*Exercise directions*
Repeat the records verbatim and leave the pictures out of your copy.

--- START ---

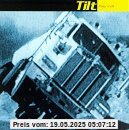 Play Cell Play Cell von Tilt
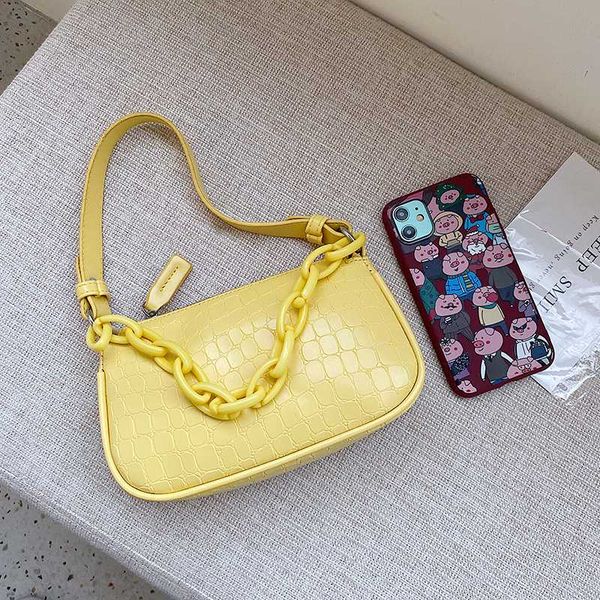 women stone pattern small pu leather tote bags shoulder handbags and purses female 2020 travel crossbody fashion hand bag
women stone pattern small pu leather tote bags shoulder handbags and purses female 2020 travel crossbody fashion hand bag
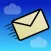 MailShot- Group Email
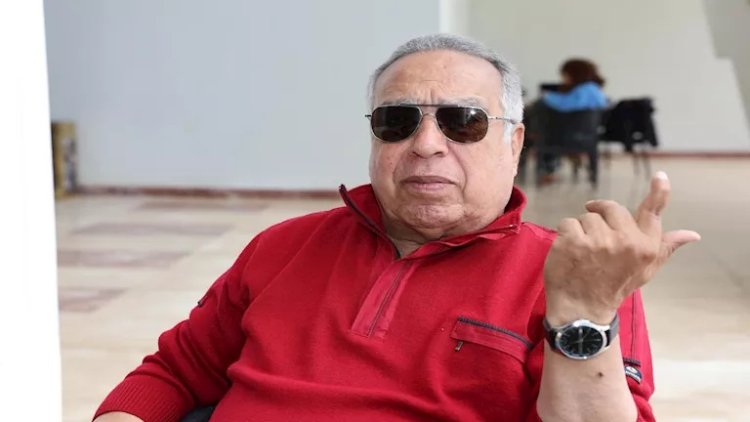 محمد العدل يكشف مفاجأة بشأن 4 خطوط محمول مسجلة باسمه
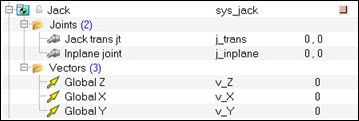 static_ride_analysis_jack_sys_prjct_brwsr_example_mv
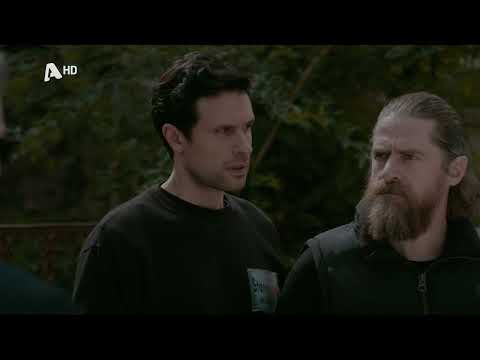 Σασμός | Σεζόν 3 | Επεισόδιο 107 | Sneak Preview 1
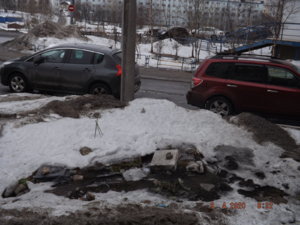 DSCF5699.JPG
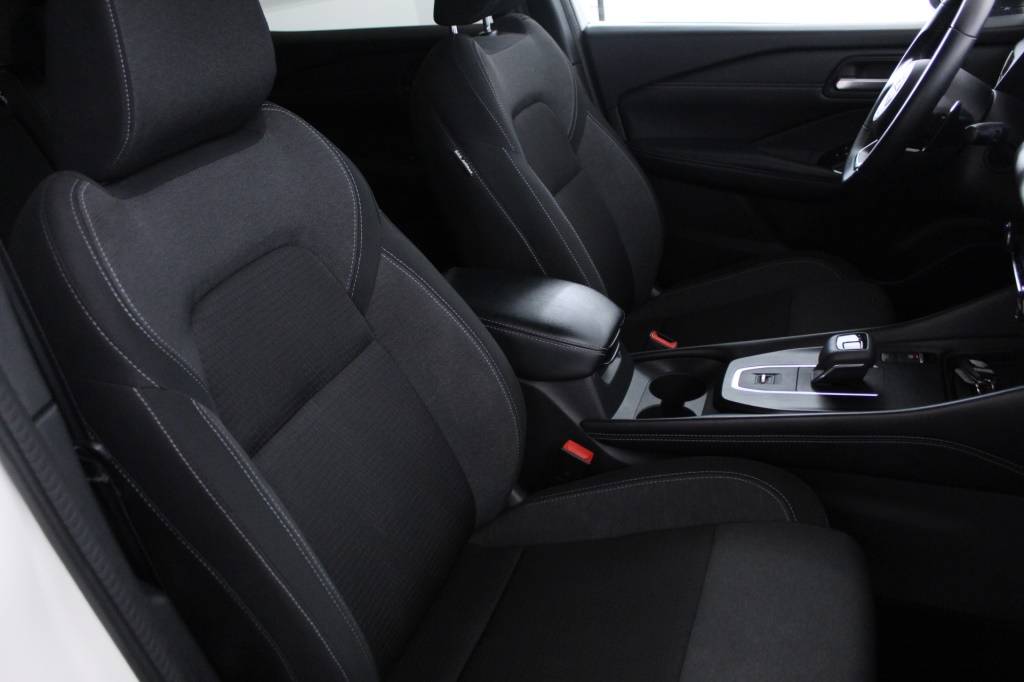nissan-qashqai-2024-hibrido-1332cc
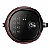 Air Fryer Electrolux Rita Lobo 4L Dark Red Grand Efficient 1400W EAF31 127V - Imagem 5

--- END ---

*Solution to this problem*
 Play Cell Play Cell von Tilt
 women stone pattern small pu leather tote bags shoulder handbags and purses female 2020 travel crossbody fashion hand bag
women stone pattern small pu leather tote bags shoulder handbags and purses female 2020 travel crossbody fashion hand bag
 MailShot- Group Email
 محمد العدل يكشف مفاجأة بشأن 4 خطوط محمول مسجلة باسمه
 static_ride_analysis_jack_sys_prjct_brwsr_example_mv
 Σασμός | Σεζόν 3 | Επεισόδιο 107 | Sneak Preview 1
 DSCF5699.JPG
nissan-qashqai-2024-hibrido-1332cc
 Air Fryer Electrolux Rita Lobo 4L Dark Red Grand Efficient 1400W EAF31 127V - Imagem 5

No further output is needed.